Wednesday, January 31, 2007

Label Me

Someone asked me recently how I would label myself.

Label myself?

It reminds me of this strange Christmas gift I got one year, no doubt a relic from the sales bin that my relatives usually peruse when thoughtlessly selecting some piece of crap or other to put under the tree for me.

It was a Brother P Touch, maker of labels.

As we all know, when life gives me lemons, I like to make lemonade. So, good sport that I am, I went about showing my appreciation for this delightful gift by putting it to use. I labeled.

I labeled the sofa "sofa".

I labeled the door "door".

I labeled the vodka "BFF".

I labeled the label maker "label maker".

I labeled the salsa "stupid fucking jar that I can't get open, I don't even like salsa anyway".

You get the picture. And all the while I learned a very important lesson: never label anything that has pubic hair. Ouch.
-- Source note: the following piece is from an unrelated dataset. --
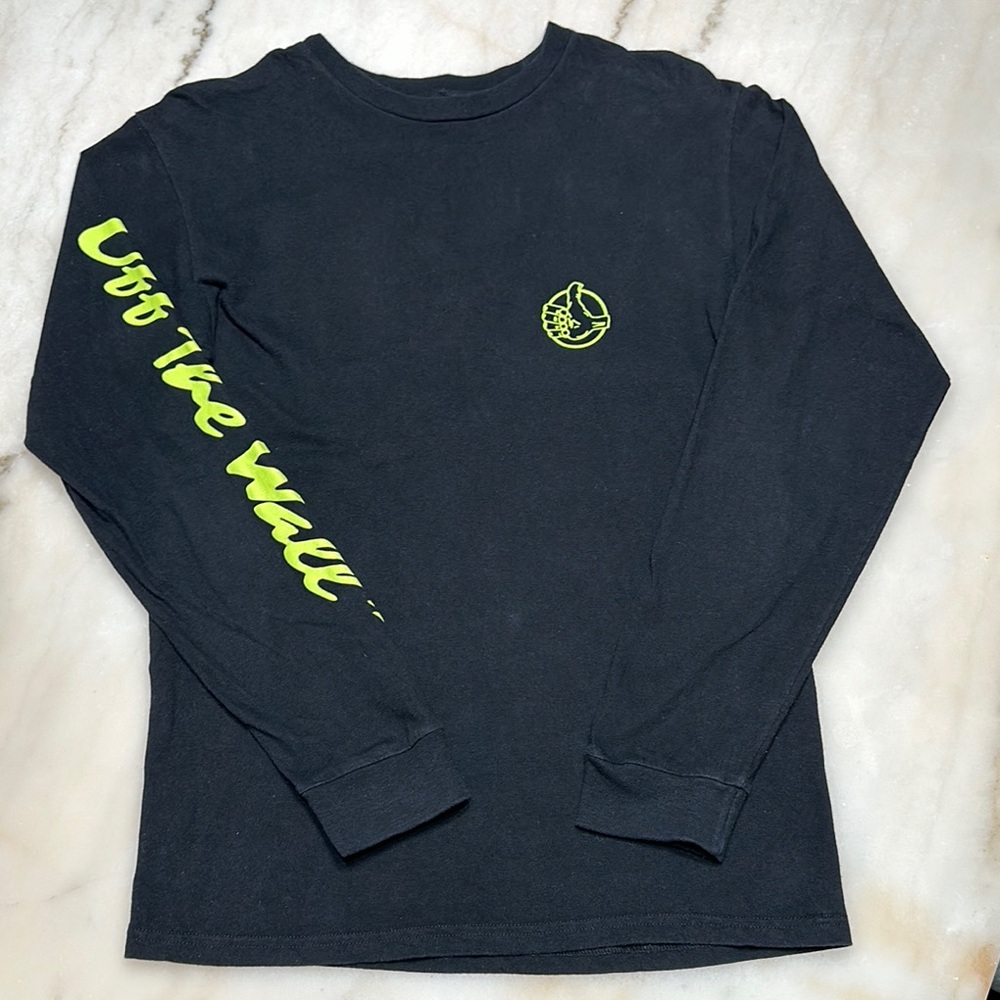 VANS • Black and Green Long Sleeve Tee with Bold Sleeve Design - S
Of course, the label maker eventually ran out of labels, and I refused to spend perfectly good money on label refills, so I did the only thing that made sense: I donated that useless empty label maker to the homeless. I mean, who has trouble remember stuff like the homeless? "Stray dog", "my left foot", "nickel"....all kinds of applications.

But back to me.

So what would I label myself?

How about "self"?

Or maybe Jay. Probably not Jamie, though that was the first label ever given me when I came out of my mother's stomach, along with my blood type and weight (thank god we're not compelled to wear those bracelets all life long), although there was a time that I would have rather been known by my weight than my name. Oh how I hated being called Jamie. Everyone told me it was a boy's name, and in fact, I could not deny that I'd been named after my uncle. And everyone mispronounced it because I went to a French school where French tongues stumbled over English names (kids in my class would address me as "Gami" on my valentines). But eventually I came to think of my name as a gift rather than a curse, and Nickname Gods be thanked, my days as Spike were numbered but Jay was one that stuck. Until I met Jason, a fellow Jay, and an instant dilemma. As you can probably tell, I won, as I win all such contests in our house, because I have the all-mighty vagina, and he does not. There are only two instances where I am not Jay. The first is when we're in bed. He calls me Jamie then, apparently fucking is more formal than I thought, and every time he says it it sounds strange on his lips, almost as though he's saying another woman's name, which is maybe the point. The second is on government documents. The government is not a fan of nicknames, which is no surprise. The government has been a total square since the early days of democracy, although their stance against nicknames is a little hypocritical since I do notice they refer to themselves as "gov" in their web addresses. "Gov" is still a far cry from hip & cool, I'm afraid, but then, governments are known for bungling. Although, to be honest, I would probably be anti-nickname myself if everyone referred to me as "those stupid fucks".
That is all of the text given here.